Omega-3 fatty acid supplementation and fecundability – Dr. Jamie Stanhiser
Study question: Is self-reported use of omega-3 fatty acid supplements associated with fecundability, the probability of natural conception, in a given menstrual cycle?
Summary answer: Prospectively recorded omega-3 supplement use was associated with an increased probability of conceiving.
What is known already: In infertile women, omega-3 fatty acid intake has been associated with increased probability of pregnancy following IVF. In natural fertility, studies are conflicting, and no study of natural fertility has evaluated omega-3 fatty acid supplementation and fecundity.
Study design, size, duration: Secondary data analysis of 900 women contributing 2510 cycles in Time to Conceive (TTC), a prospective, time to pregnancy cohort study from 2008 to December 2015.
Participants/materials, setting, methods: Women aged 30-44 years, trying to conceive <3 months, without history of infertility were followed using standardized pregnancy testing. While attempting to conceive, women daily recorded menstrual cycle events and supplement and medication intake using the Cerner Multum Drug Database. Supplements and vitamins containing omega-3 were identified. Omega-3 use, defined as use in at least 20% of days in a given menstrual cycle, in each pregnancy attempt cycle was determined. A discrete-time Cox proportional hazards model was used to calculate the fecundability ratio.
Main results and the role of chance: Women taking omega-3 supplementation were more likely to be younger, thinner, nulligravid, white and to take vitamin D, prenatal and multivitamins compared to women not taking omega-3s. After adjusting for age, obesity, race, previous pregnancy, vitamin D and prenatal and multivitamin use, women taking omega-3 supplements had 1.51 (95% CI 1.12, 2.04) times the probability of conceiving compared to women not taking omega-3s.
Limitations, reasons for caution: Our study was not a randomized controlled trial. The women who used omega-3 supplements may represent a more health-conscious population. We sought to address this by adjusting for multiple factors in our model. Additionally, the omega-3 fatty acid supplements that TTC participants used included multiple types and brands with varying dosages of omega-3 fatty acids.
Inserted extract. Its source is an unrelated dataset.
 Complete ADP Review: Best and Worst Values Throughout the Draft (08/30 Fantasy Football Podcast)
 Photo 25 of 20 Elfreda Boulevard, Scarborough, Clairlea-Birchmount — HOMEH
Women reported the type of supplement they were taking but not the concentration of omega-3s in that supplement. It is therefore not possible to compare dosing or a dose-response relationship in our study.
Wider implications of the findings: Omega-3 supplementation may present a feasible and inexpensive modifiable factor to improve fertility. Randomized controlled trials are needed to further investigate the benefits of omega-3 supplementation for women trying to conceive naturally.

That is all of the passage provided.